A monographic exhibition is therefore nowadays unlikely. Instead, we have In the Age of Giorgione, devised by the Royal Academy’s Per Rumberg, working with curators from Bergamo and Florence, so as to embrace Giorgione’s artistic impact on the wider Italian milieu in which he worked. In this Renaissance context, influences from beyond the Alps form a crucial background element in many of the canvases exhibited here. A numinous presence in the exhibition, alongside Giorgione himself, is that of the young Albrecht Dürer, whose prodigious gifts were vitalised by two visits to Venice. His absorption with landscape, in a view of a watermill which includes himself busily sketching, is matched by Giorgione’s own passion for rocks and trees, crag-perching castles and shimmering blue distances.
In the Uffizi’s Trial Of Moses or the enigmatic National Gallery’s Tramonto, nature is a dominant voice rather than a decorative undertone.
The sense of Giorgione as a restless innovator, daring others to follow his lead, receives potent emphasis among the portraits in the show.
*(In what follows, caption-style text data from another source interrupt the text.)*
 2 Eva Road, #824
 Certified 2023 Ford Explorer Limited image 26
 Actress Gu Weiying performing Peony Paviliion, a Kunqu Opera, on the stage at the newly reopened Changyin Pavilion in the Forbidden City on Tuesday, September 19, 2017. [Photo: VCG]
From Antonio Brocardo’s pensive downward gaze to La Vecchia, with her bleary eyes and sagging mouth, the painter looks beyond his sitter as a static icon, probing deeper into solitude and secrecy. Others took up his challenge, including Titian in his Boy with a Pipe, or the positively menacing likeness of a gimlet-eyed man gripping a money bag. Even Pordenone’s Christ Carrying the Cross creates an arresting personal moment as opposed to a sacred image pure and simple.
The game of attribution is played out amid a dazzling array of altarpieces. Is the Bellini really his? What makes a Sebastiano del Piombo not quite the genuine article? A buxom St Agatha and shadowy Judith from the unfamiliar hand of Giovanni Cariani make us long to know him better. The whole Academy show is a superb tribute to that “something fabulous and illusive” which Walter Pater detected in Giorgione – working its enchantments as powerfully on us as on the painters of his own time.